Expand the fractional coordinate in a reciprocal space to the Cartesian coordinate.

@recipe plot(lattice::AbstractLattice, neighbors::Union{Int, Neighbors}, filter::Function=bond->true; siteon=false)

Define the recipe for the visualization of a lattice.

@recipe plot(reciprocalspace::FractionalReciprocalSpace; fractional=false, autolims=true)

Define the recipe for the visualization of a reciprocal space with fractional coordinates.

When fractional is true, the fractional coordinates will be plotted. Otherwise the Cartesian coordinates will be plotted.

@recipe plot(curve::ReciprocalCurve)

Define the recipe for the visualization of a reciprocal curve.

@recipe plot(path::ReciprocalPath, y::AbstractVector{<:Number}, data::AbstractMatrix{<:Number})

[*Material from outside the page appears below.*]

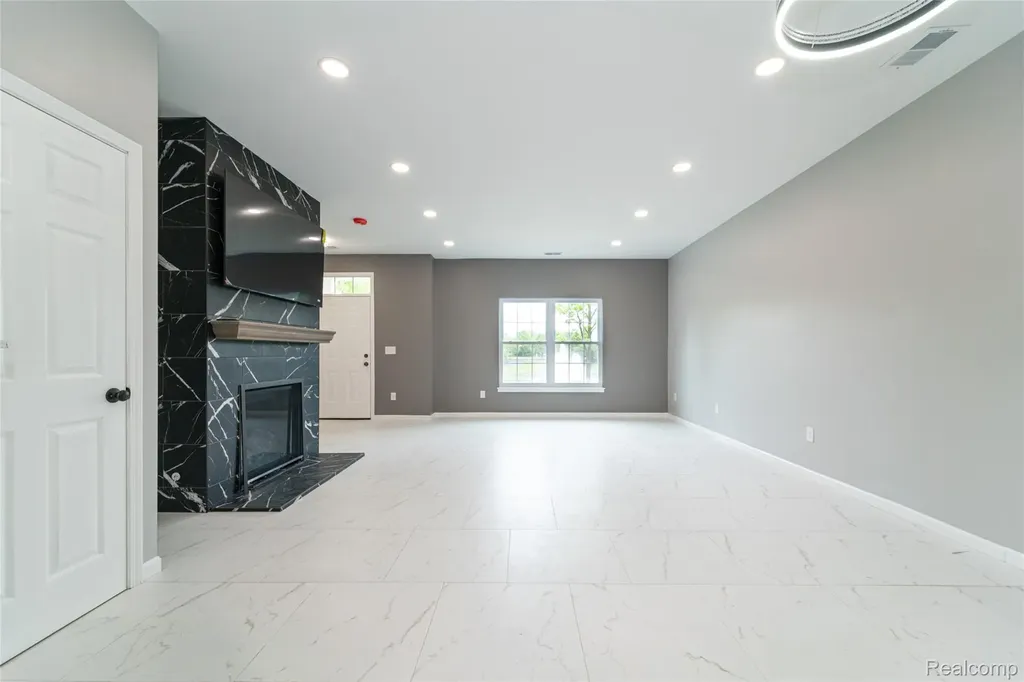 29987 Marigold Drive Southfield City MI 48076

Define the recipe for the heatmap visualization of data on the x-y plain with the x axis being a reciprocal path.

@recipe plot(path::ReciprocalPath)

Define the recipe for the visualization of a reciprocal path.

@recipe plot(reciprocalscatter::ReciprocalScatter, weights::AbstractMatrix{<:Number}; fractional=true, weightmultiplier=1.0, weightcolors=nothing, weightlabels=nothing)

Define the recipe for the scatter visualization of reciprocal points with a series of weights.